"A spellbinding, bone-resonant story of love, death, ritual, ancestral legacies and the sweetness of healing set in a fictionalised Trinidadian city."
Ayanna Lloyd Banwa’s When We Were Birds casts a soulful spell as it tells the interlocked stories of a young man, Darwin, who’s newly arrived in a Trinidadian city to work as a gravedigger, and Yejide, a young woman with ancestral gifts. At once gritty and soaringly mythic, it explores estrangement, death, grief, and the unbreakable bonds of lineage with haunting power.
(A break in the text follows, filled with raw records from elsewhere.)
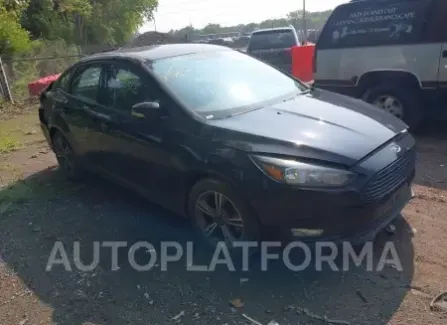 Ford Focus 2017 2017 vin 1FADP3FE2HL222900 from auto auction Iaai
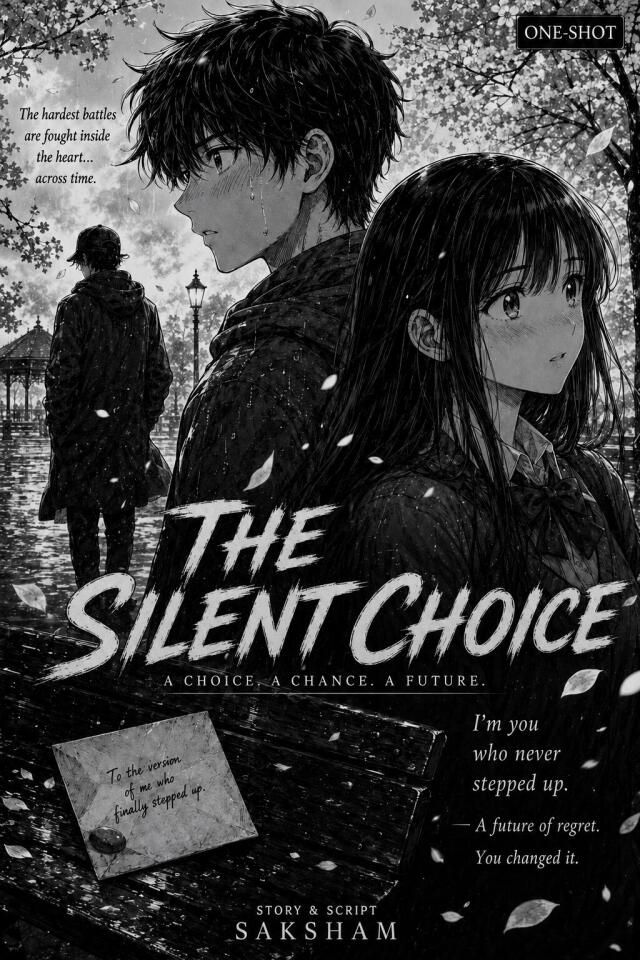THE SILENT CHOICE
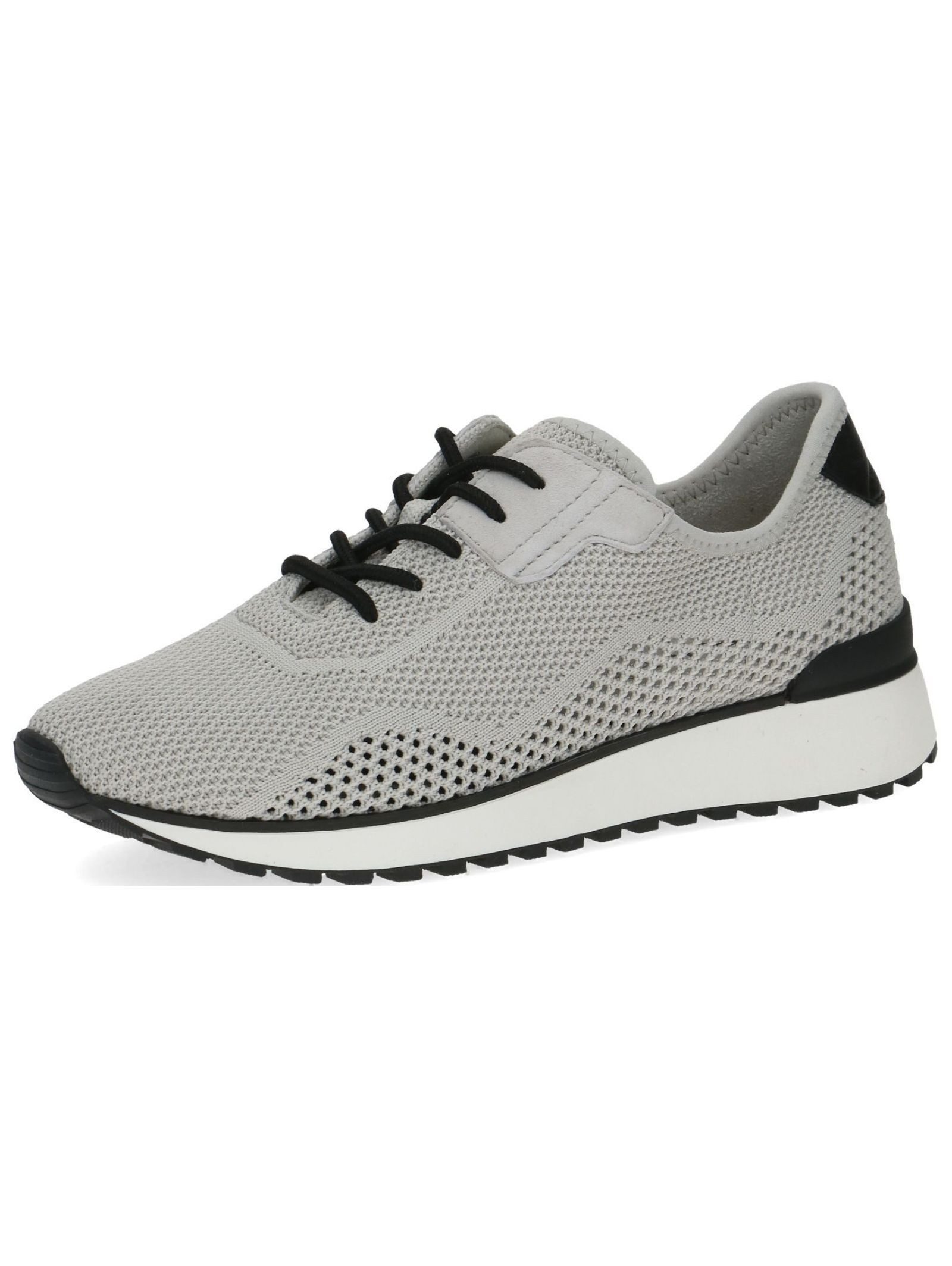 Sneaker Leder/Textil Sneaker
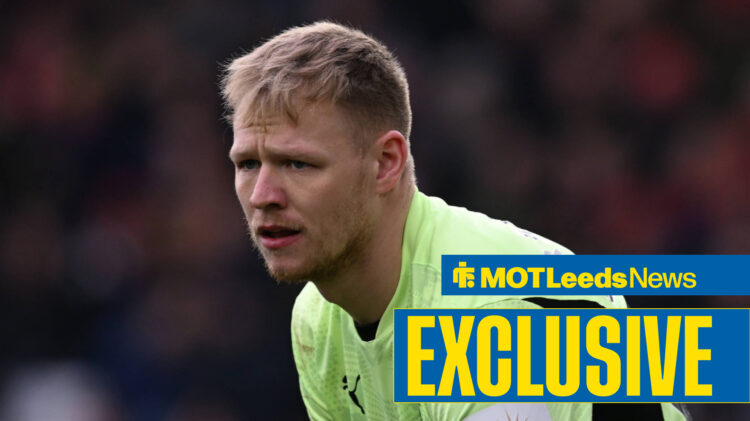 Leeds Aaron Ramsdale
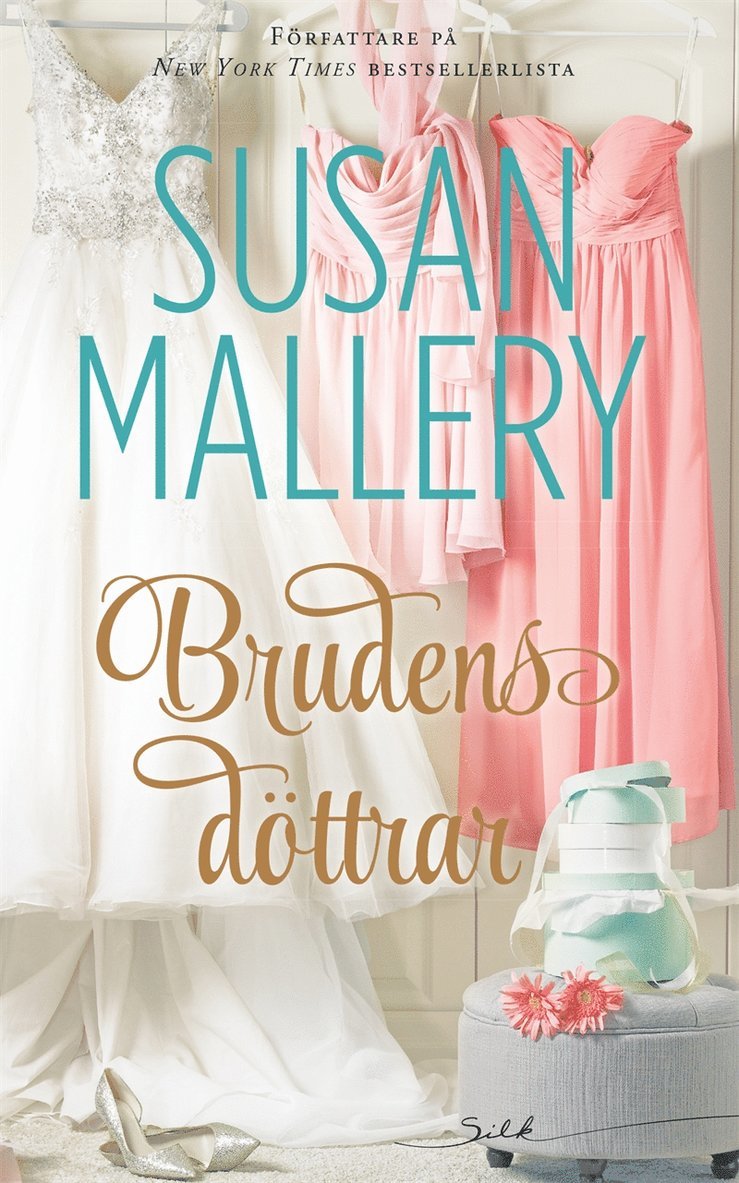Susan Mallery - Brudens döttrar, E-bok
The mythic mood is set by Yejide’s Granny Catherine telling her a magical story of “talking animals and a Great War” followed by the coming of a fierce storm. With the world ripped asunder by death, corbeaux carrion birds restore order through devouring the dead, performing “a sacred duty to stand at the border between the living and the dead”. This tale, told to her in childhood, remains with Yejide through her life. In the present day, when she dies in the family home outside the city of Port Angeles, Yejide’s mother leaves her daughter the ability to talk to the dead, positioning her between the living and the dead, like the corbeaux. Their strained relationship is poignantly portrayed, and framed in the raw truth of the cycle of life, motherhood and death: “Is the daughter who makes the mother an ancestor when she die”.
Meanwhile, Darwin arrives in Port Angeles to work as a gravedigger, against his mother’s wishes, against the Rastafarian code he was raised to follow, vaguely hopeful he might happen upon the father he’s never met. When he and Yejide encounter each other in the ancient graveyard, elemental forces are unleashed — storms of emotion and need, with luminous light and calm coming in its wake.
“The air soft and clear and all the living and the dead settle themselves like an old lady in a rocker on her front porch settling her skirts” — this novel is blessed with writing that sears the soul. It’s a tale that unsettles before gathering you in, releasing, and healing. Magic.